### AIM OF THE EXERCISE
Write out the entries below once more, exactly, with the pictures left out.

━━━━━ TASK INPUTS

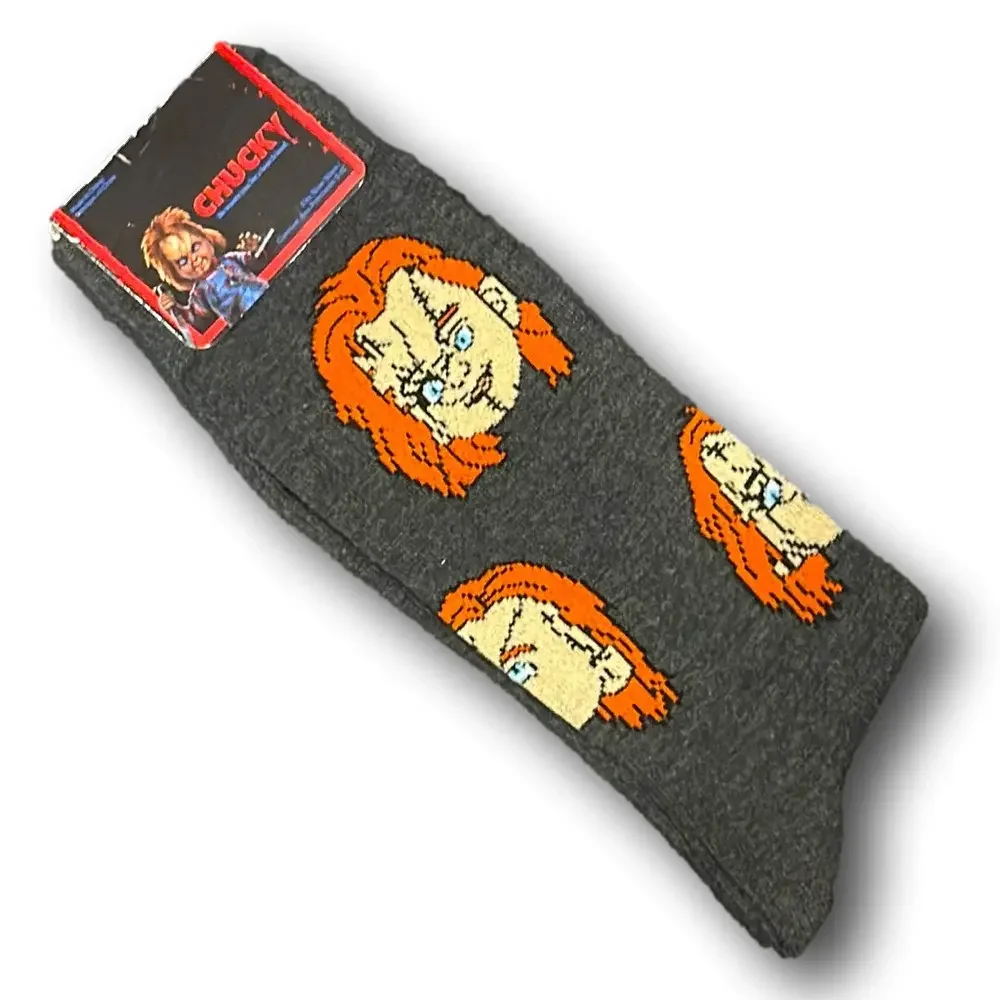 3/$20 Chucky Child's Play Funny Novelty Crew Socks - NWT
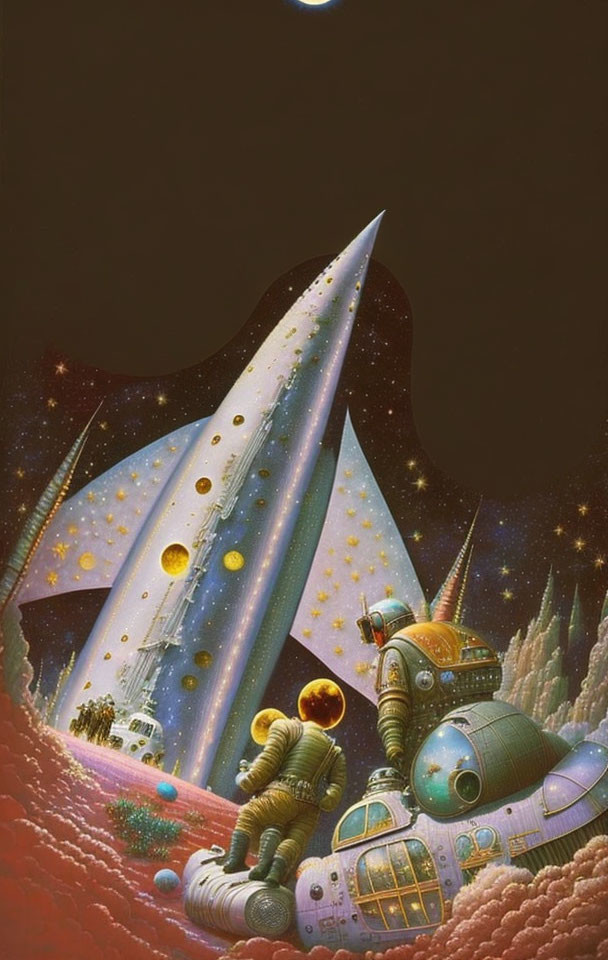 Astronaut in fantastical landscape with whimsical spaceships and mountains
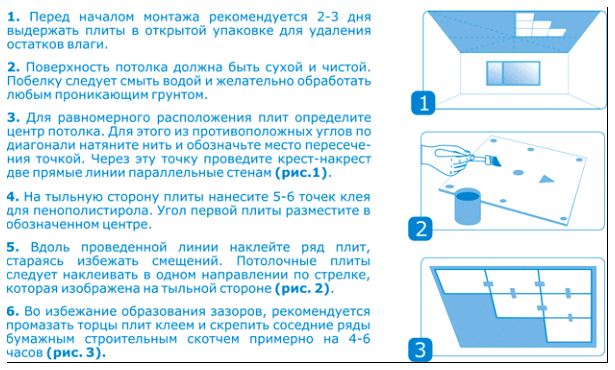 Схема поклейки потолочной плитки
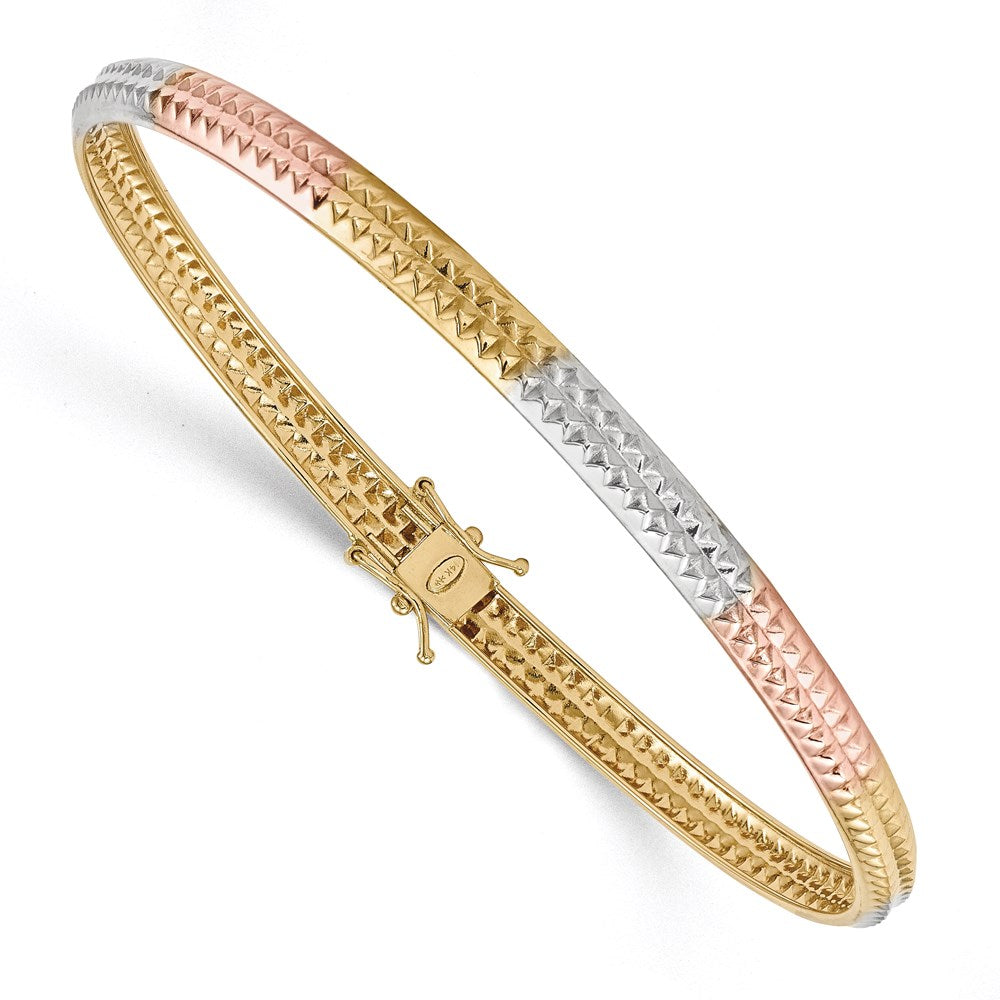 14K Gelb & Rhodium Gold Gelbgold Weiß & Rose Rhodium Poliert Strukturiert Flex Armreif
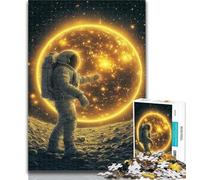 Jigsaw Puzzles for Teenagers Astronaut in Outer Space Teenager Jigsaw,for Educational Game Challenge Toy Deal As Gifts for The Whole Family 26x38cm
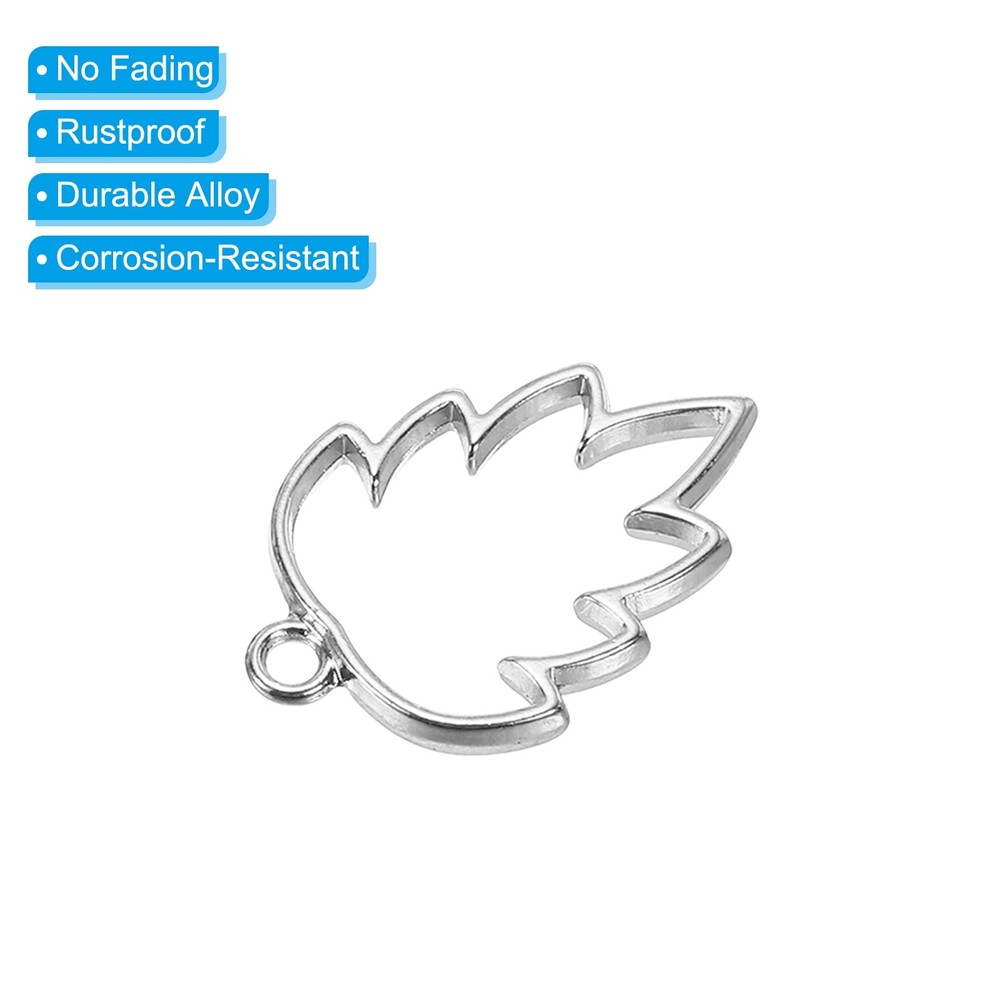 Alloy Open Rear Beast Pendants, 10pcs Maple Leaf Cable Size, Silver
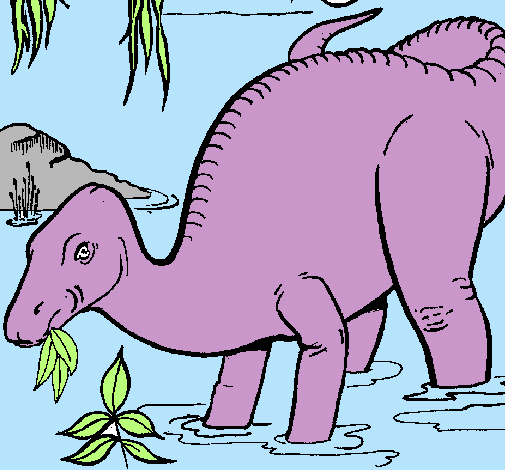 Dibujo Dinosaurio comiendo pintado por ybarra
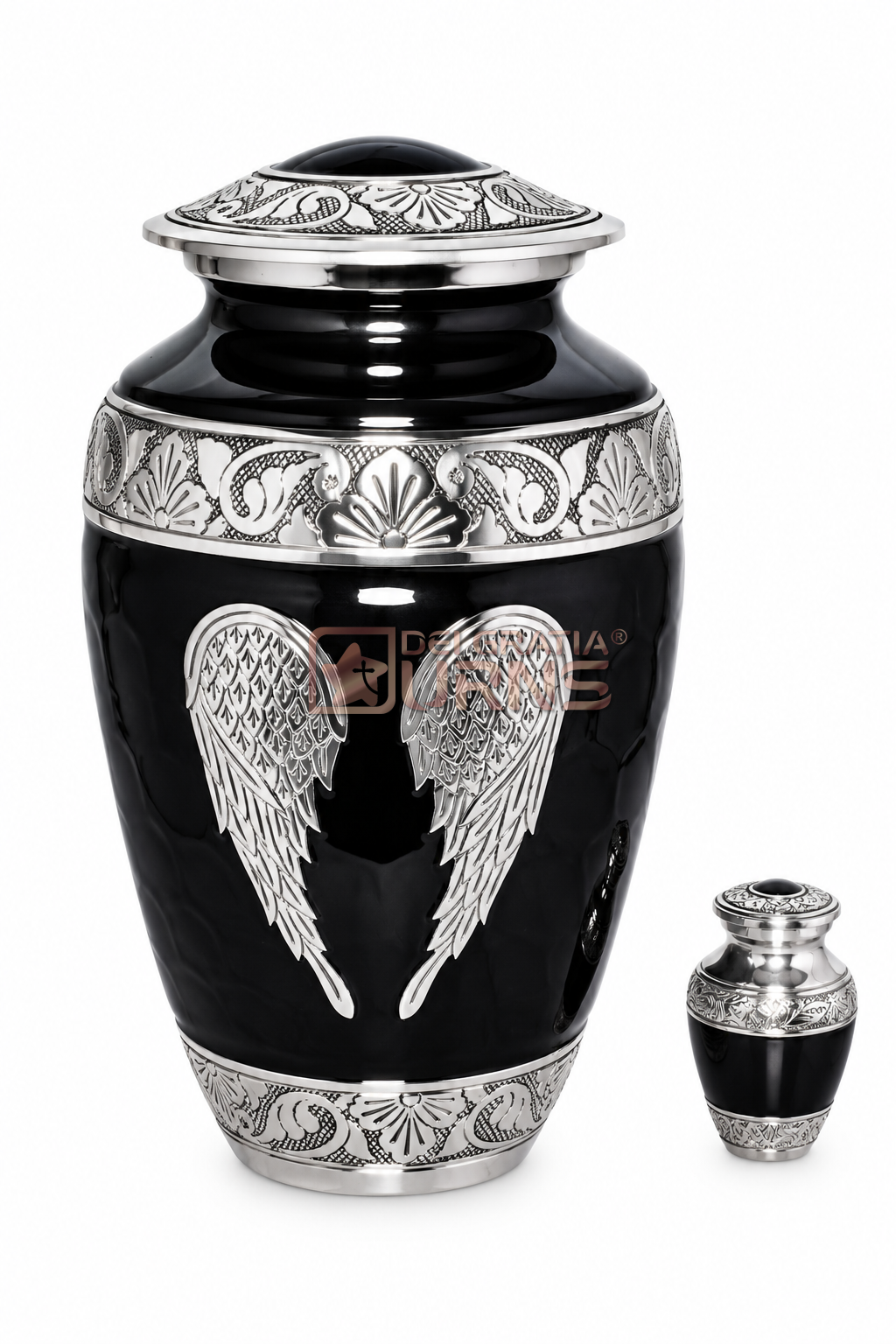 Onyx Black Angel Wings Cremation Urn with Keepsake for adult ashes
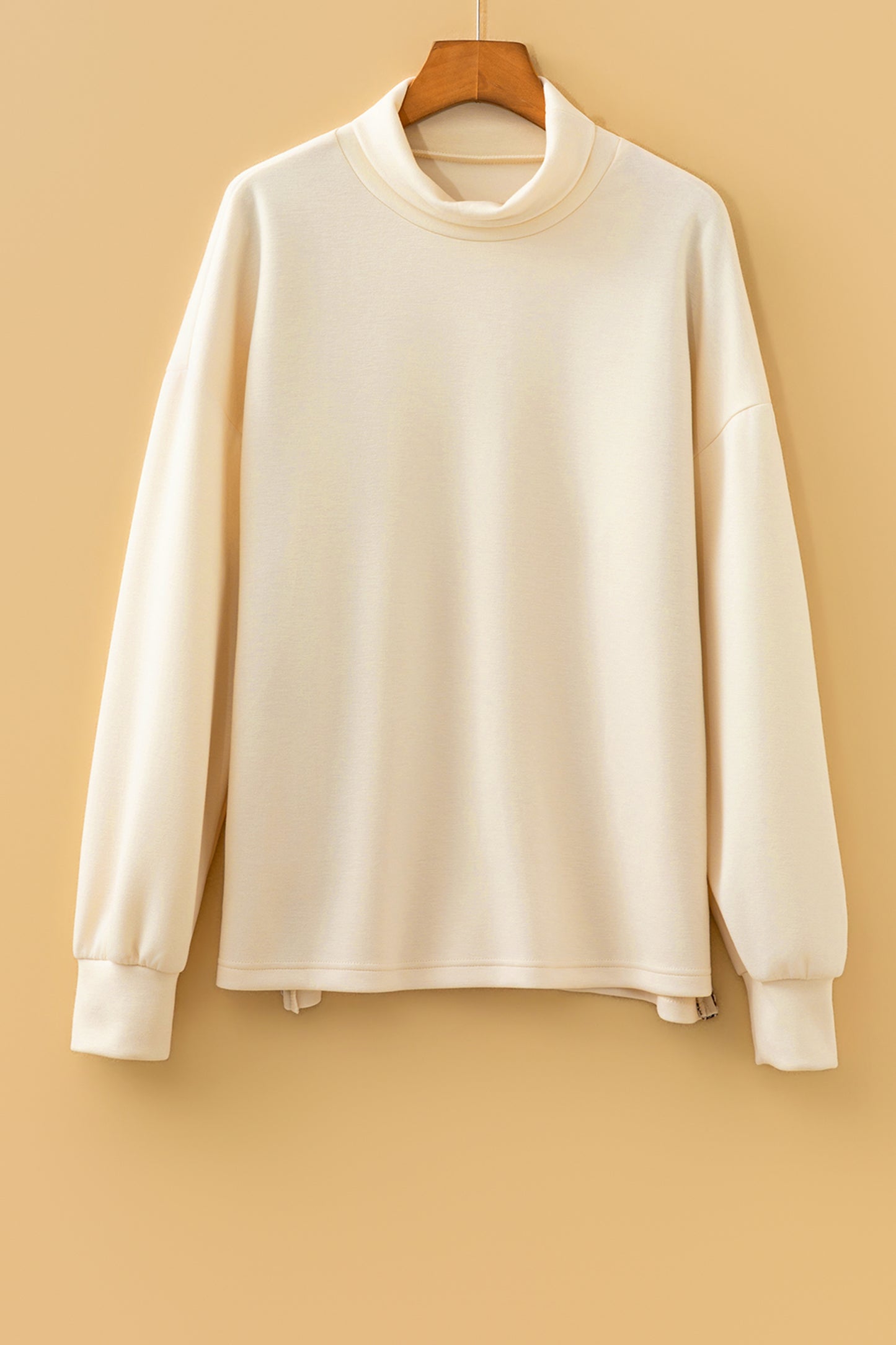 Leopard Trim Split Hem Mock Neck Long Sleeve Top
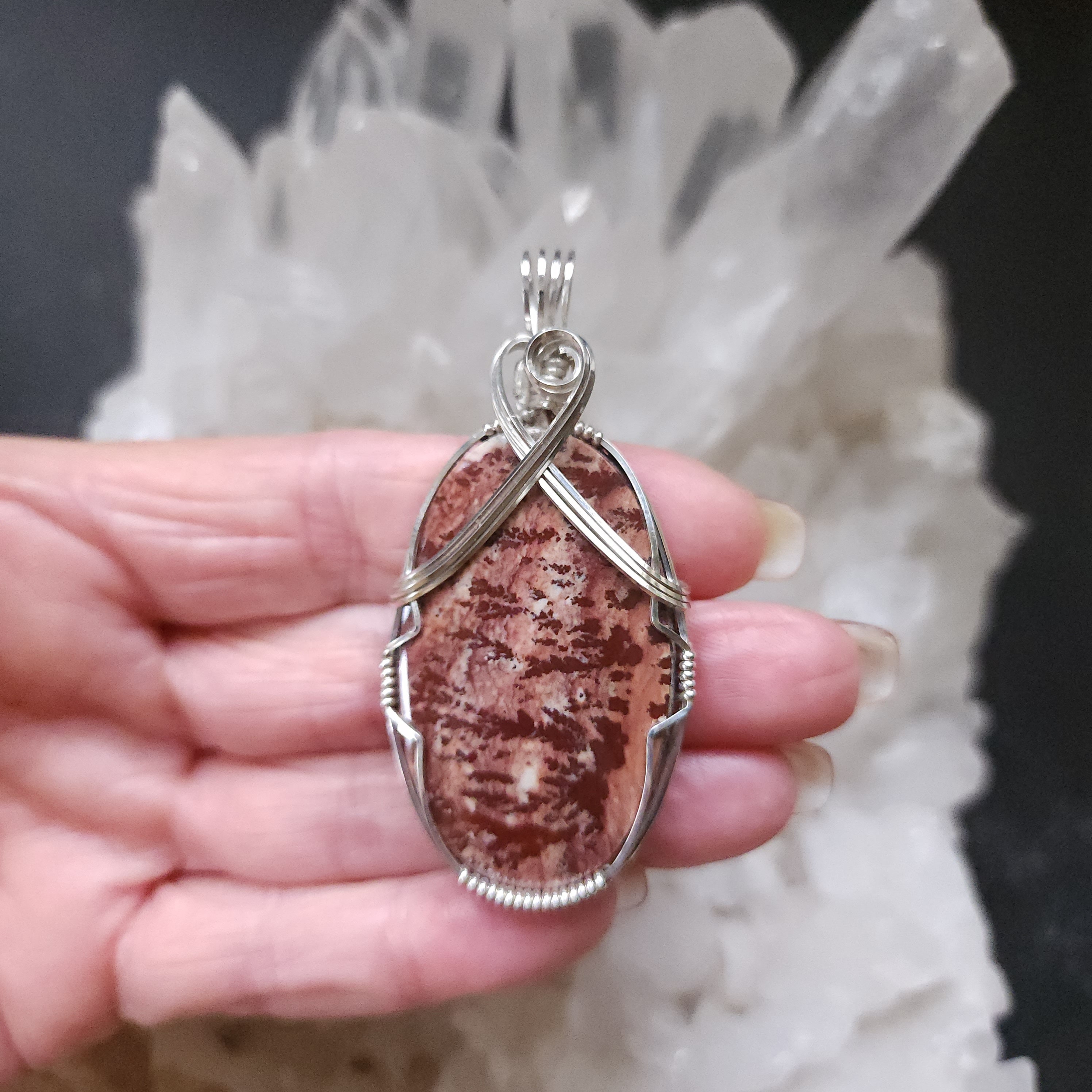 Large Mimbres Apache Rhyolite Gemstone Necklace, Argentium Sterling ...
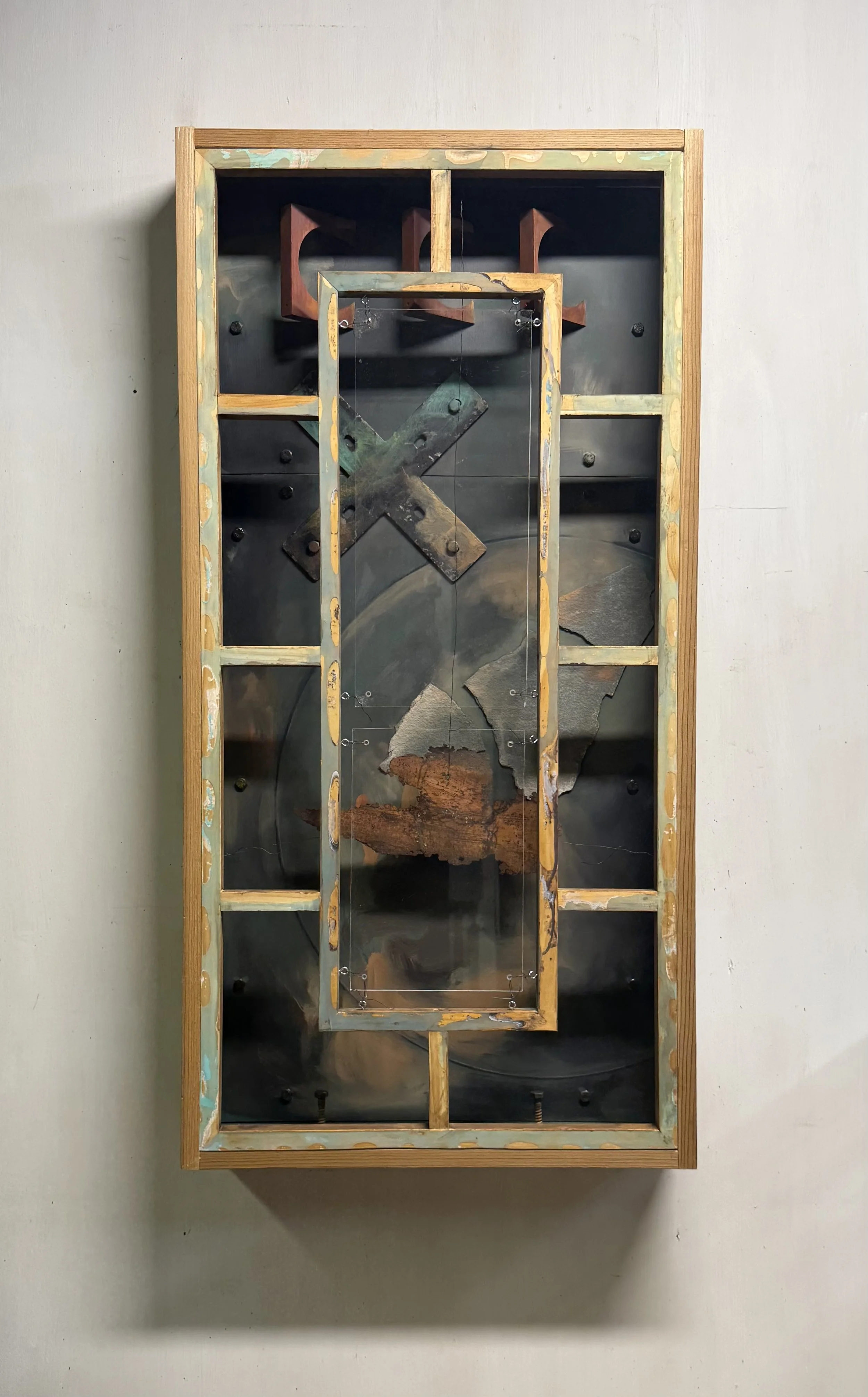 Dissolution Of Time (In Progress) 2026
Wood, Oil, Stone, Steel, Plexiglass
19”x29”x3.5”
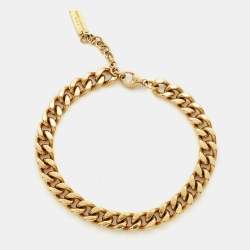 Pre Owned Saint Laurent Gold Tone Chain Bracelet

━━━━━━━━━━

### EXPECTED ANSWER
 3/$20 Chucky Child's Play Funny Novelty Crew Socks - NWT
 Astronaut in fantastical landscape with whimsical spaceships and mountains
 Схема поклейки потолочной плитки
 14K Gelb & Rhodium Gold Gelbgold Weiß & Rose Rhodium Poliert Strukturiert Flex Armreif
 Jigsaw Puzzles for Teenagers Astronaut in Outer Space Teenager Jigsaw,for Educational Game Challenge Toy Deal As Gifts for The Whole Family 26x38cm
 Alloy Open Rear Beast Pendants, 10pcs Maple Leaf Cable Size, Silver
 Dibujo Dinosaurio comiendo pintado por ybarra
 Onyx Black Angel Wings Cremation Urn with Keepsake for adult ashes
 Leopard Trim Split Hem Mock Neck Long Sleeve Top
 Large Mimbres Apache Rhyolite Gemstone Necklace, Argentium Sterling ...
 Dissolution Of Time (In Progress) 2026
Wood, Oil, Stone, Steel, Plexiglass
19”x29”x3.5”
 Pre Owned Saint Laurent Gold Tone Chain Bracelet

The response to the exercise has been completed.